When we "board" our elephant we are instructed to hop into what can only be described as a giant shipping box, only without a lid, and without solid sides- and is strapped in the back of a giant mammal. There are 4 of us per elephant and G6 has drawn the lucky card today. The 4 of us are to put our legs straddling the corner of the box (so we don't fall off of course!), we all have our backs to one another and are getting cozy, bouncing around on the back of the largest elephant in this herd.
Seeing the jungle in the morning was spectacular- it was cool and hazy when we headed out in the morning, but the clouds began to burn off as we moved further into the jungle. B is the designated spotter- even without her glasses the kid seems to locate animals like a pro. I am fully equipped with an unnecessarily large camera (which I cannot operate well), so I am the photographer. Ging is the question asker, and G6, well he was just lucky to be with 3 beautiful Canadians I think. We were lucky enough to see (in no particular order): spotted deer, monkeys, peacocks, and the highlight- a rhino and it's calf. They look so archaic that describing them as descendants of dinosaurs is the best I can do.
After we finished on the elephants, Ging and the Aussie triad had signed up to wash elephants... Which turned to more of them being tossed off elephants into a river.... Very entertaining for B and I!!!
All that before lunch!! After scarfing back (more) dal bhat and paneer masala we headed out on our jungle safari which departed from Chitwansari (cost is Rs 11500 for the jeep, split between how many people are in the jeep, so for us it was split between us and the Brits). At first, I will admit it was a little slow. It was midday, so many animals are likely having an afternoon siesta or are far enough into the jungle that we were not going to spot them. By the time we reached the Gharni (alligator) breeding centre, we had seen a (read: one) bird, and two monitor lizards. In two hours. Ging had a nap in the jeep, while B convinced me that standing up and having the wind blow through your hair makes you feel like you're in Jurassic park. Trying not to fall out of the jeep helped pass the time.
Post gator stop- things got more intense. Coles notes: we drove off the road to track down a rhino, a black bear jumped out of a ditch, a leopard ran across the road in front of us, we spotted Rhesus monkeys doing their thing, and rounded it out by chasing more black bears through 8 foot tall bamboo while our guide hollered mating calls while wielding a large stick. Needless to say we were back to Chitwan much later than the other group- with a much broader list of animals spotted. Full props to B for spotting the leopard (by yelling "what the hell is that?!!")

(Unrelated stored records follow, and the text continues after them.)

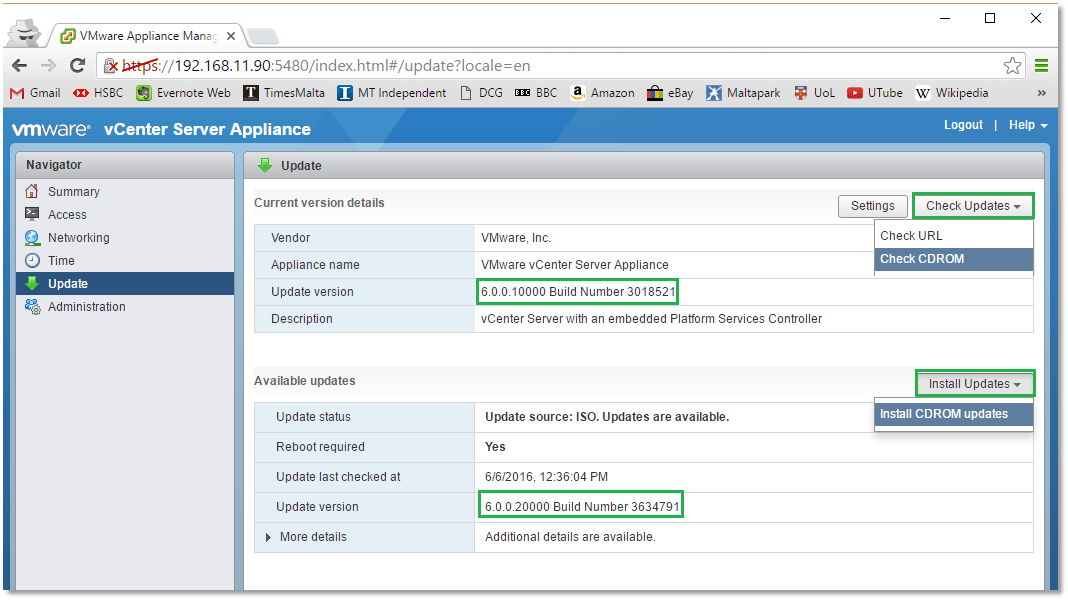 Upgrading vCenter Server Appliance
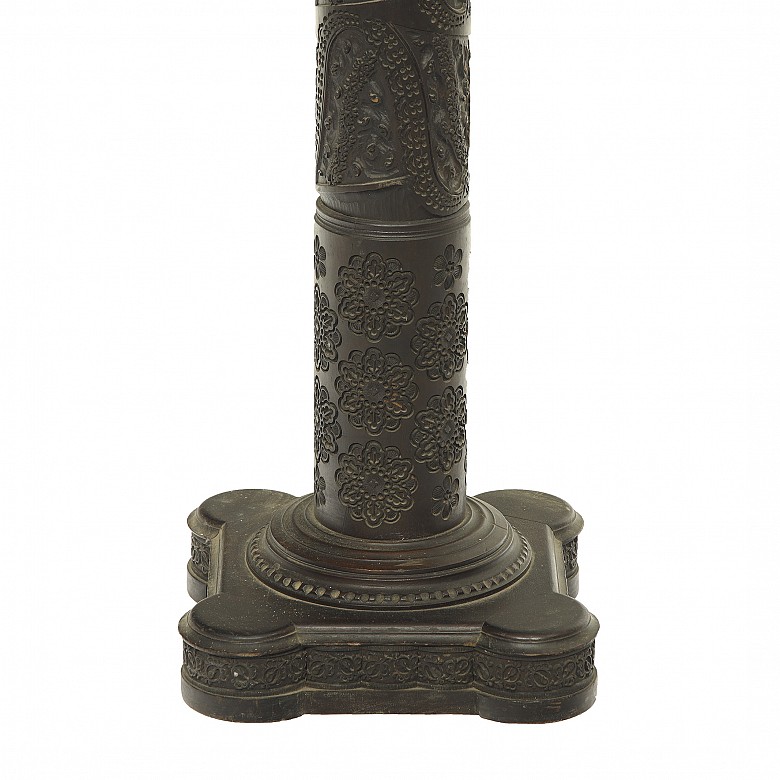 Carved wooden pedestal, 19th century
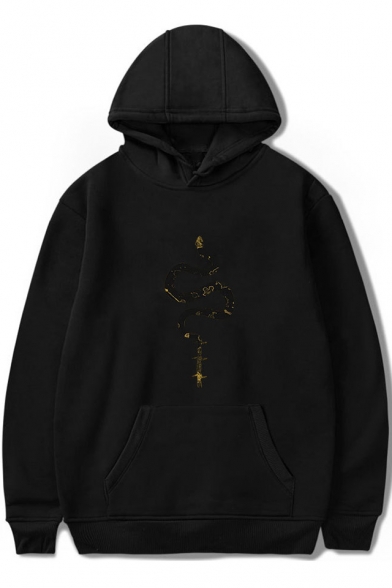 Fashion Graphic Print Dropped Shoulder Hoodie with Large Pocket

When we got back to Sapana we were starving- and predictably ordered the same three Nepali dishes we had for lunch (dal bhat and paneer), an order of momo (veg dumplings- so amazing) and a big pot of black tea with milk (chai). Apparently we were getting a bit of a reputation as the waiter first guessed our order and then second asked why we weren't having any drinks with dinner...
We have been playing the question game a lot since being away- some "would you rather" questions, but mostly open ended questions geared to spark conversations. We continued the tradition by sitting cross legged on small benches under the stars with Skinny, Curly, G6 and Chewy and a few large pots of tea. Who knew tea parties in the jungle could be so much fun?